A spokesperson for China’s foreign ministry told reporters during a press conference in Beijing on Monday that the U.S. tariffs were “self-defeating” and ran counter to efforts to jointly address climate change.
“More importantly, it will harm the world’s green economic transition and climate action,” said Wang Wenbin, the spokesperson, according to a readout of the briefing provided by China. “We urge the US to stop repairing and digging up the road at the same time, so to speak, and create enabling conditions for China-US climate cooperation and global green transition.”
‘Theory of change’
The president’s focus on tariffs is part of a wider shift in U.S. climate policy that puts a premium on jobs, said Noah Kaufman, a climate economist who served as a senior adviser on Biden’s Council of Economic Advisers.
The Inflation Reduction Act — Biden’s signature climate law — sought to stimulate a wave of technological innovation and job creation by offering subsidies for clean energy technologies and domestic manufacturing. But it also relies on tariffs, said Kaufman, who’s now a senior research scholar at Columbia University’s Center on Global Energy Policy.
The U.S. automotive industry, for example, is a major employer in swing states such as Michigan, and in pursuing EV tariffs, Biden is seeking to avoid the type of industrial outsourcing that hollowed out many manufacturing communities.
“There is a theory of change that climate progress will stall if the domestic auto industry starts crumbling,” Kaufman noted.
The approach could have benefits in electorally important states in the Midwest, but it also has broader implications that go beyond election-year campaigning.
“Communities matter, and if you want an equitable transition, you want strong local economies throughout the country,” said Kaufman. “We’ve seen it before in this country where powerful companies decline and communities are left in the lurch.”
The threat that Chinese EVs pose to U.S. manufacturers hasn’t really been tested since the Trump administration slapped a 27.5 percent tariff on electric cars from China.

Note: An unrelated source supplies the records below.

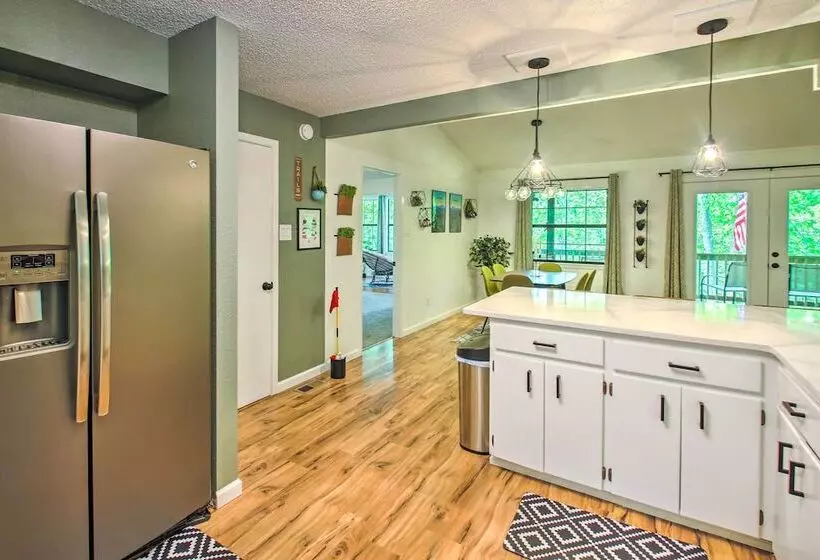 Deck & Resort Amenities: Hot Springs Home!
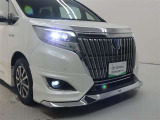 高輝度で点灯速度が速く、しかも消費電力の少ないLEDヘッドライトが装備されています!LEDの明るい光が走行中の視界の確保をサポートして、夜のドライブがより楽しく安全に運転できます♪
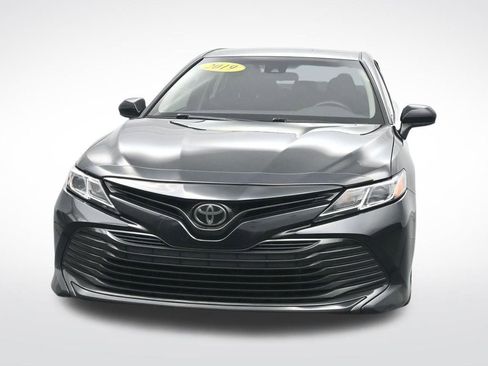 Used 2019 Toyota Camry LE image 2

That has kept those vehicles from entering the U.S. market, leading Mazzocco of CSIS to call Biden’s newest duties largely performative.
The situation is different for solar.
The IRA offers subsidies to companies that manufacture solar components in the U.S., leading to a boom in announced solar factories across the country. Yet industry analysts expect that many of the announced facilities won’t be built amid a flood of cheap imports made by companies based in China.
That has led to calls from the U.S. industry to impose additional tariffs.
Biden could simply propose additional subsidies for U.S. solar manufacturers, simultaneously helping American solar manufacturers and domestic solar installers, said Gernot Wagner, a climate economist at the Columbia Business School. But Biden is unlikely to win congressional support for additional subsidies — leading him to propose the tariffs.
There is not a lot of evidence to date to suggest that tariffs lead to higher or lower emissions, said Catherine Wolfram, an economist at the Massachusetts Institute of Technology. The presidential election this fall will provide a bigger test of whether climate policies linked to job creation can create long-term political support for cutting emissions.
“In the short run, we want as much clean energy as possible,” she said. “In the long run, we want to build a base of support for the U.S. transition to clean energy and want to do that in a way that supports jobs.”